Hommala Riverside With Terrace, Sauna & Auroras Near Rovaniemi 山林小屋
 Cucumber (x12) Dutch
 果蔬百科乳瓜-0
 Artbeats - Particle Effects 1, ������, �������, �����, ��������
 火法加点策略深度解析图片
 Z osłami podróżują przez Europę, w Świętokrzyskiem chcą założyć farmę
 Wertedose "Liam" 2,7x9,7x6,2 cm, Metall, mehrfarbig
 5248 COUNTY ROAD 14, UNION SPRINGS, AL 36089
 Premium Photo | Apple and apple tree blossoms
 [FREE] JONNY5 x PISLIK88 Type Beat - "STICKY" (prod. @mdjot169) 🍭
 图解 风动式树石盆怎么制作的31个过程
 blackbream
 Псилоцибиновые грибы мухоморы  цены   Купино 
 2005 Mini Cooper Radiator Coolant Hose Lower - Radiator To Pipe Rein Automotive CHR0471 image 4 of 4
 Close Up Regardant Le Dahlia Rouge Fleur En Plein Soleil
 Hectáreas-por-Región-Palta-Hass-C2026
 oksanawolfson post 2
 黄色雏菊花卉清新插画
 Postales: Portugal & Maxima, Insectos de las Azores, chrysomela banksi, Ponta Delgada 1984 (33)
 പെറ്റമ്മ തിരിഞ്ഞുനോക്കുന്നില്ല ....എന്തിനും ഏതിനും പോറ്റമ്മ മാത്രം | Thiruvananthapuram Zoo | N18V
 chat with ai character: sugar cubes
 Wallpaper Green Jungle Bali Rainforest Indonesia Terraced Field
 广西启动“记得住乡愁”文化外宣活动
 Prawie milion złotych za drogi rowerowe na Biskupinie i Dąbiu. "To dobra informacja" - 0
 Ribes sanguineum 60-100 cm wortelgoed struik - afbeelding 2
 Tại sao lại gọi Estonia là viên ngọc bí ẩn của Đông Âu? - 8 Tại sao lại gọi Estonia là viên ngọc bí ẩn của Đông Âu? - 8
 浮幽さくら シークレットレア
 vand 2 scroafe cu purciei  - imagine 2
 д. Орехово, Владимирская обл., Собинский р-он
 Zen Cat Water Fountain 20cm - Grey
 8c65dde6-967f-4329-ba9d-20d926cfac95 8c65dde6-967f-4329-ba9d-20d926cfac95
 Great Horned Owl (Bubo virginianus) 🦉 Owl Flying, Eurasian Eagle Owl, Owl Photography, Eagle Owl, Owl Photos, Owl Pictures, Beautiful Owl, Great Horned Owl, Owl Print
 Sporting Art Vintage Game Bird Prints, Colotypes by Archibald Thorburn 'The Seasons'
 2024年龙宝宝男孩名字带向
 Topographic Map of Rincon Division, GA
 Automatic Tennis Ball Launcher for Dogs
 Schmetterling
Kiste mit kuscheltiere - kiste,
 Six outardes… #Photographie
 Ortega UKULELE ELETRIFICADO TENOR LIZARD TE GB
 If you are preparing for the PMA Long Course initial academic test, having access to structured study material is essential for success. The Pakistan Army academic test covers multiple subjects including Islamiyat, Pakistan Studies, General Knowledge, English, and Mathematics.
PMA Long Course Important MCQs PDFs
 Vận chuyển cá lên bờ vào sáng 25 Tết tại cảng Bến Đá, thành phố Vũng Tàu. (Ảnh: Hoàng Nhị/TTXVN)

-=-=-=-=-

• YOUR INSTRUCTIONS: The answer must be the full listing, repeated exactly.

• SOLUTION FOR THIS PROBLEM:
Hommala Riverside With Terrace, Sauna & Auroras Near Rovaniemi 山林小屋
 Cucumber (x12) Dutch
 果蔬百科乳瓜-0
 Artbeats - Particle Effects 1, ������, �������, �����, ��������
 火法加点策略深度解析图片
 Z osłami podróżują przez Europę, w Świętokrzyskiem chcą założyć farmę
 Wertedose "Liam" 2,7x9,7x6,2 cm, Metall, mehrfarbig
 5248 COUNTY ROAD 14, UNION SPRINGS, AL 36089
 Premium Photo | Apple and apple tree blossoms
 [FREE] JONNY5 x PISLIK88 Type Beat - "STICKY" (prod. @mdjot169) 🍭
 图解 风动式树石盆怎么制作的31个过程
 blackbream
 Псилоцибиновые грибы мухоморы  цены   Купино 
 2005 Mini Cooper Radiator Coolant Hose Lower - Radiator To Pipe Rein Automotive CHR0471 image 4 of 4
 Close Up Regardant Le Dahlia Rouge Fleur En Plein Soleil
 Hectáreas-por-Región-Palta-Hass-C2026
 oksanawolfson post 2
 黄色雏菊花卉清新插画
 Postales: Portugal & Maxima, Insectos de las Azores, chrysomela banksi, Ponta Delgada 1984 (33)
 പെറ്റമ്മ തിരിഞ്ഞുനോക്കുന്നില്ല ....എന്തിനും ഏതിനും പോറ്റമ്മ മാത്രം | Thiruvananthapuram Zoo | N18V
 chat with ai character: sugar cubes
 Wallpaper Green Jungle Bali Rainforest Indonesia Terraced Field
 广西启动“记得住乡愁”文化外宣活动
 Prawie milion złotych za drogi rowerowe na Biskupinie i Dąbiu. "To dobra informacja" - 0
 Ribes sanguineum 60-100 cm wortelgoed struik - afbeelding 2
 Tại sao lại gọi Estonia là viên ngọc bí ẩn của Đông Âu? - 8 Tại sao lại gọi Estonia là viên ngọc bí ẩn của Đông Âu? - 8
 浮幽さくら シークレットレア
 vand 2 scroafe cu purciei  - imagine 2
 д. Орехово, Владимирская обл., Собинский р-он
 Zen Cat Water Fountain 20cm - Grey
 8c65dde6-967f-4329-ba9d-20d926cfac95 8c65dde6-967f-4329-ba9d-20d926cfac95
 Great Horned Owl (Bubo virginianus) 🦉 Owl Flying, Eurasian Eagle Owl, Owl Photography, Eagle Owl, Owl Photos, Owl Pictures, Beautiful Owl, Great Horned Owl, Owl Print
 Sporting Art Vintage Game Bird Prints, Colotypes by Archibald Thorburn 'The Seasons'
 2024年龙宝宝男孩名字带向
 Topographic Map of Rincon Division, GA
 Automatic Tennis Ball Launcher for Dogs
 Schmetterling
Kiste mit kuscheltiere - kiste,
 Six outardes… #Photographie
 Ortega UKULELE ELETRIFICADO TENOR LIZARD TE GB
 If you are preparing for the PMA Long Course initial academic test, having access to structured study material is essential for success. The Pakistan Army academic test covers multiple subjects including Islamiyat, Pakistan Studies, General Knowledge, English, and Mathematics.
PMA Long Course Important MCQs PDFs
 Vận chuyển cá lên bờ vào sáng 25 Tết tại cảng Bến Đá, thành phố Vũng Tàu. (Ảnh: Hoàng Nhị/TTXVN)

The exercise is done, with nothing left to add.